SELECT LOGSOURCETYPENAME(devicetype) AS "Log Source Type", devicetype AS "Log Source ID", LONG(UNIQUECOUNT(logsourceid)) as "Number of Log Sources", LONG(SUM(eventcount)) as "Total Events", LONG(COUNT(*)) as "Aggregated Events", LONG(COUNT(isunparsed)) AS "Unparsed Events", STR(LONG(SUM(eventcount)/24*3600)) as "EPS", LONG("Unparsed Events"*100) / "Total Events" AS "PercentUnparsed" FROM events GROUP BY devicetype ORDER BY "PercentUnparsed","Unparsed Events" DESC LAST 24 HOURS

Unparsed Events Percentage for a Specific Log Source Type

To further investigate the parsing issues with one specific log source type (for example, devicetype=11), you can run the following query that returns a breakdown of the statistics per log source.

SELECT LOGSOURCENAME(logsourceid) AS "Log Source Name", LONG(SUM(eventcount)) as "Total Events", LONG(COUNT(*)) as "Aggregated Events", LONG(COUNT(isunparsed)) AS "Unparsed Events", STR(LONG(SUM(eventcount)/24*3600)) as "EPS", LONG("Unparsed Events"*100) / "Total Events" AS "PercentUnparsed" FROM events WHERE GROUP BY logsourceid ORDER BY "PercentUnparsed","Unparsed Events" DESC LAST 24 HOURS

Tip

Add more fields as required for your environment.
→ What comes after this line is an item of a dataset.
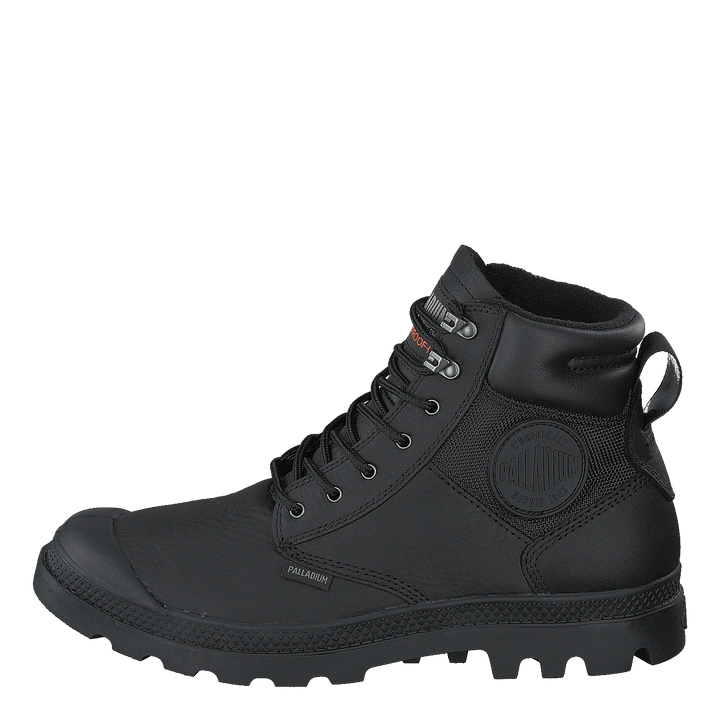 Pampa Shield Wp+ Lth Black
Create an AQL parameter for the devicetype=11 variable. For more information, see Creating AQL parameters for your workspace dashboards.
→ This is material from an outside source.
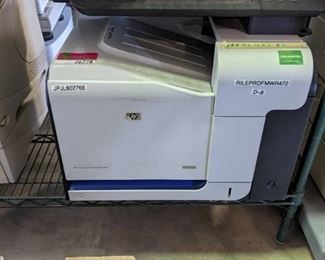 HP Color LaserJet CM3530fs MFP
Number Of Partial Matches Per Rule

Provides a list of all rules and building blocks with the number of partial matches within the specified time period.
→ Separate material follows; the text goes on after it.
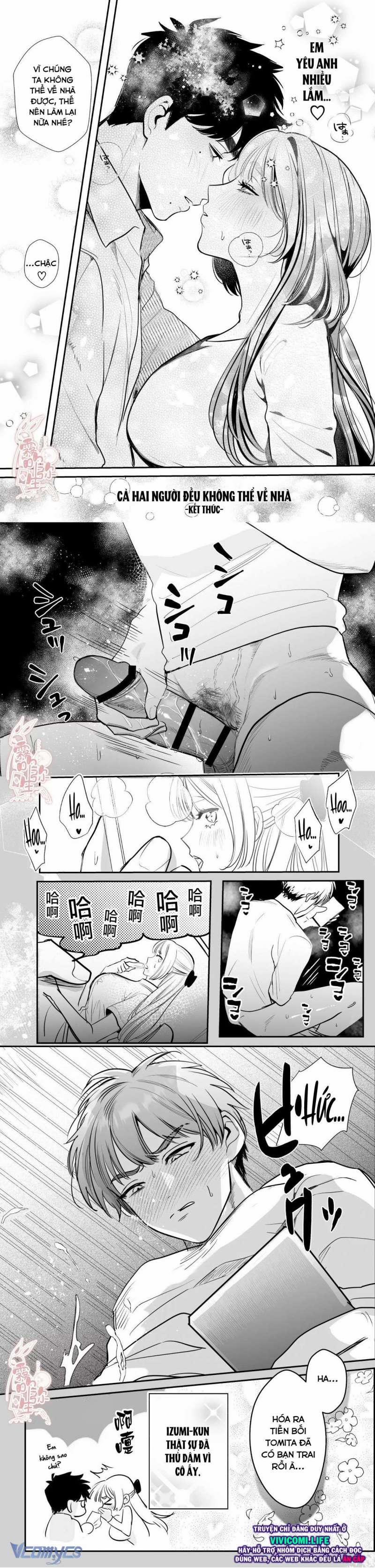 [18+] Một Mình Với Tiền Bối Trong Đêm Bão~ 2 trang 37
SELECT RULENAME(partialmatchlist) as "Rule Name", LONG(COUNT(*)) as "Number of Partial Matches" FROM events WHERE partialmatchlist IS NOT NULL GROUP BY "Rule Name" ORDER BY "Number of Partial Matches" DESC LAST 1 HOURS

Number Of Partial Matches Per Event Processor

Provides a list of all rules and building blocks with the number of partial matches within the specified time period.

SELECT HOSTNAME(processorid) as "Event Processor Name", LONG(COUNT(*)) as "Number of Partial Matches" FROM events WHERE partialmatchlist IS NOT NULL GROUP BY "Event Processor Name" ORDER BY "Number of Partial Matches" DESC LAST 1 HOURS

Number Of Partial Matches Per Rule and Per Event Processor

Provides a list of all rules and building blocks, including the number of partial matches per rule within the specified time period.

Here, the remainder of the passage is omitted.